Listing ID: 77580
Our client is offering a unique and versatile anti-shoplifting technology for sale to the market. It is unlike any system currently in use. This technology is discrete, effective and very economical to use and install. The product is electronic merchandise or article-surveillance technology consisting of a detection device and a tag attached to the merchandise to be secured. The tech is patented intellectual property. The patents, trademarks and all intellectual property rights are included in the sale.
The detection device can be a mat, placed close to a store’s exit doors, or a wall-hung “poster” which can be hung above an exit door, in restrooms, fitting rooms, employee entrances, emergency exits, elevators, escalators and other interior store spaces. Both types of detection device are unobtrusive and hardly noticeable.
The items to be protected are secured by attaching a device or tag such as a bottle tag. When the tagged item comes into proximity with the mat detection device or poster style detection device, an alarm sounds. The tags can be used on numerous kinds of merchandise, such as electronics, laptop computers, clothing, liquor bottles and more.
The tag’s alarm sound can be heard as a subject with a tagged item approaches the detection device (exit mat or wall hung poster) 10 feet ahead of the device, and even outside the store, where turbo tags are audible 600 feet into the parking lot
The devices have been installed and tested at major retailers worldwide, in the US, India, Australia, New Zealand, Singapore, and Europe.
This is a totally hidden system. Simply plug it in – no tuning required.
The system has higher detection rate than antennas and is far less costly than other Electronic Article Surveillance (EAS) devices.
The technology owner and patent holder is semi-retired and wishes to sell the technology, which is ready to go, to a buyer with the means to continue the upward trajectory of the business.
Our client owns all processes, and websites which they will transfer in full to a buyer.
NDA is required ‘LINK ABOVE} to secure the first round comprehensive Confidential Information Memorandum (CIM) crafted by ProNova Partners.
- Asking Price: $2,000,000
- Cash Flow: $5,500
- Gross Revenue: $33,000
- EBITDA: N/A
- FF&E: N/A
- Inventory: N/A
- Inventory Included: N/A
- Established: 2019
- Property Owned or Leased:N/A
- Property Included:N/A
- Building Square Footage:N/A
- Lot Size:N/A
- Total Number of Employees:1
- Furniture, Fixtures and Equipment:N/A
As needed – specific terms for transition support can be negotiated. The Seller wishes to facilitate a successful and smooth transfer of the Business.
To allow the business to rapidly expand world-wide.
This Business Is Home Based
The venture was founded in 2019, making the business 3 years old.

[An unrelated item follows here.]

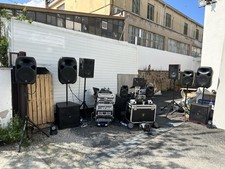 Impianto Audio Dj / liveCasse Attive E Passive Vari Amplificatori Processori Sub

Why is the Current Owner Selling The Business?
There are all types of reasons why people resolve to sell businesses. Nevertheless, the true reason and the one they say to you might be 2 totally different things. As an example, they might say "I have way too many various obligations" or "I am retiring". For numerous sellers, these reasons are valid. However, for some, these may simply be excuses to try to hide the reality of changing demographics, increased competitors, recent reduction in profits, or a range of other reasons. This is why it is very vital that you not rely totally on a vendor's word, however rather, utilize the seller's answer combined with your total due diligence. This will paint an extra sensible picture of the business's existing scenario.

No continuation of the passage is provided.